The November 2006 judgments concerned eight separate cases brought in relation to applications for residency made by non-national parents of Irish born citizen children under an administrative scheme introduced following the referendum on citizenship in 2004. In each case at least one if not both non-national parents of Irish citizen children were refused permission to remain in the State. These applicants formed part of a larger cohort of around 1,100 persons refused permission to remain in the State following their application to the Minister for Equality and Law Reform under the administrative scheme.
The High Court ruling had found that the human rights of the individuals concerned had been infringed under both the Irish Constitution and the ECHR. Specifically, the court considered that the best interest or welfare of the child was not taken into account. The IHRC's appearance in the proceedings before the Supreme Court was directed towards drawing both constitutional and international human rights principles to the attention of the Court.
In our submission we drew the Courts attention to the following:
- the relevant principles relating to the protection of private and family life in an immigration context;
- the relevant principles relating to the protection of children in an immigration context;
- the principles relating to the requirement for an effective remedy;
- the impact of the caselaw of the European Court of Justice.

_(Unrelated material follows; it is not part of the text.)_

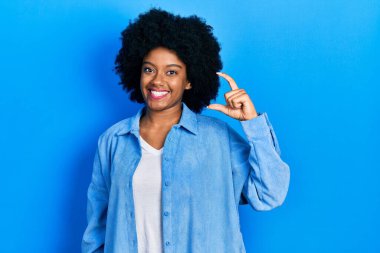 Genç Afro-Amerikalı kadın, günlük kıyafetler giymiş, gülümseyen ve el hareketleriyle küçük boy işaretler yapan, parmaklarıyla işaret eden ve kameraya bakan. ölçüm kavramı.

Judgment was delivered in December 2007. The Court concluded that the administrative scheme as exercised by the Minister had not been improperly exercised. Subsequent to the Judgment, an application was made by the Applicants/ Respondents to the European Court of Human Rights and a decision on admissibility is pending.
In May 2008, two of the conjoined cases to D.B. (C.O and G.D.), the Supreme Court found that with respect to deportation orders the Minister is required to consider the Constitutional and Convention rights of the Applicants. The cases were distinguished from the other 6 related cases in that the parent Applicants were subject to deportation orders pursuant to section 3 of the Immigration Act, 1999. While the Court reasserted its previous ruling that Constitutional and Convention rights are not engaged in the course of a ministerial decision under the "Irish Born Child" 2005 scheme, the opposite conclusion was reached in relation to deportation orders. In relation to the ministerial discretion conferred by section 3 of the 1999 Act, the Supreme Court agreed with the High Court's analysis which concluded that such discretion is constrained by the obligation to exercise that power in a manner consistent with the Constitution and the provisions of section 3 of the European Convention of Human Rights Act 2003.
Significantly, the Court characterised the cases as being centred on the rights of the Irish born child under Articles 40 and 41 of the Constitution and Article 8 of the ECHR. In its analysis, the Court further described the core of the case to be the dispute between the parties as to the nature of the consideration to be made by the Minister of facts relevant to the citizen child. In affirming the High Court's decision, the Supreme Court set out a non-exhaustive list of matters which may assist, and relate to the position of an Irish born child whose parents may be considered for a deportation order (see paragraph 31 of the Oguekwe judgment).